— THE DATA —
BEGIN

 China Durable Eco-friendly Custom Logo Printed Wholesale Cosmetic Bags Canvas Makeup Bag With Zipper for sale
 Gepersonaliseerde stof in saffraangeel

END
BEGIN

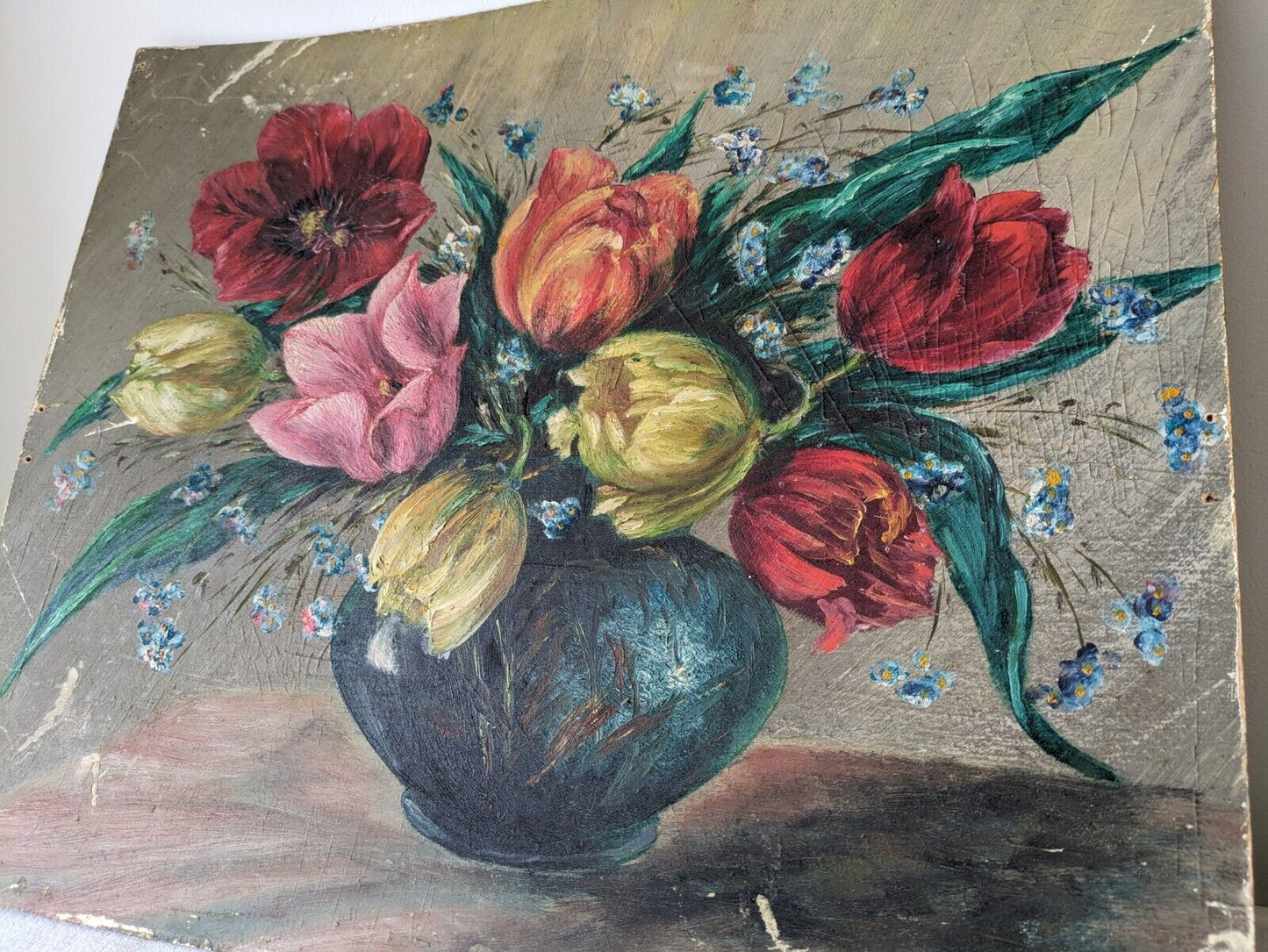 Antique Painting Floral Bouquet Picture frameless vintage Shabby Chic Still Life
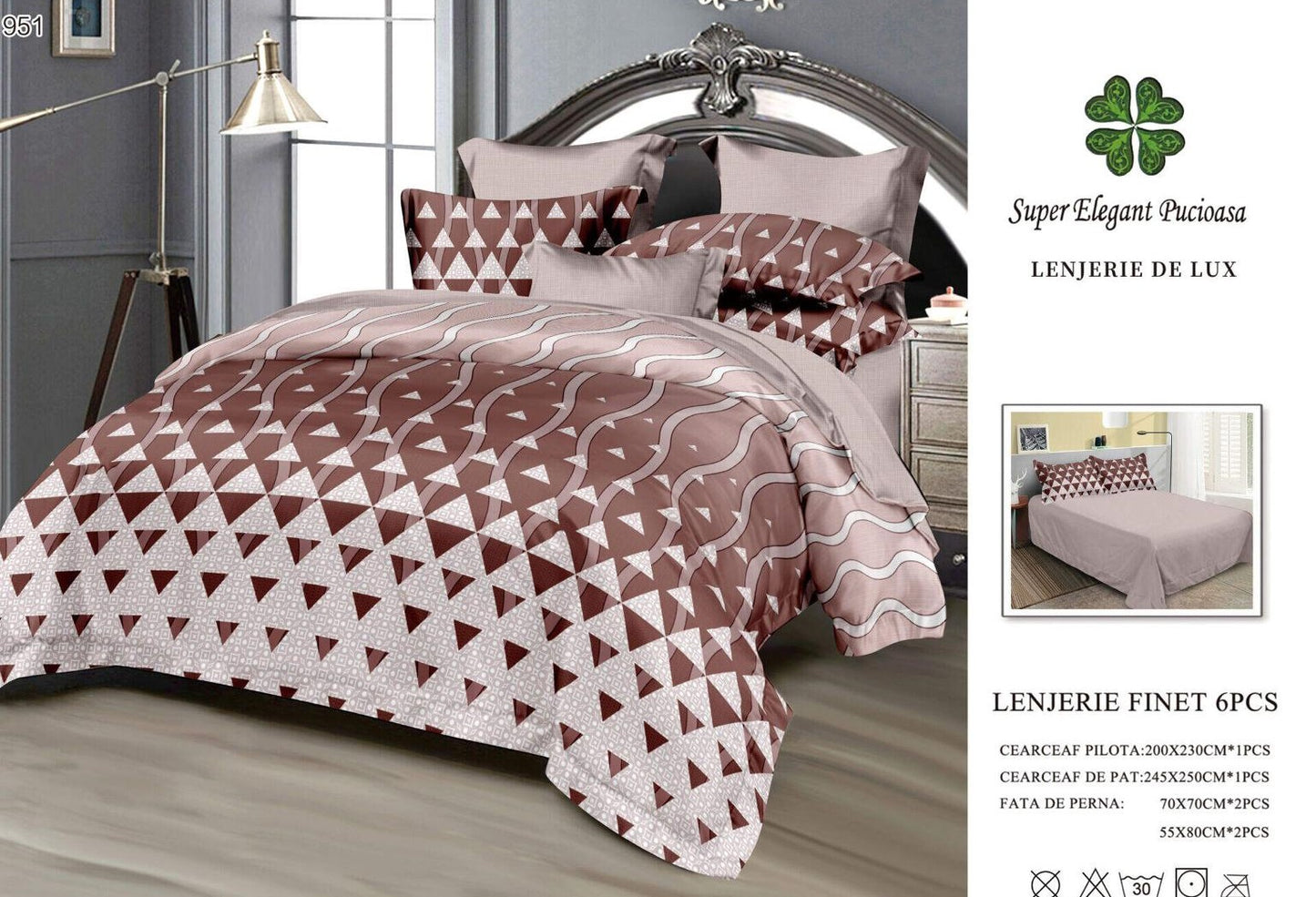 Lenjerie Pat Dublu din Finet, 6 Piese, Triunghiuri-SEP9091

END

— YOUR TASK —
Above are the records; copy from them only the lines starting at the one containing "Antique Painting Floral" and ending at the one containing "Lenjerie Pat Dublu", exactly and without pictures.

— SOLUTION FOR THIS EXERCISE —
 Antique Painting Floral Bouquet Picture frameless vintage Shabby Chic Still Life
 Lenjerie Pat Dublu din Finet, 6 Piese, Triunghiuri-SEP9091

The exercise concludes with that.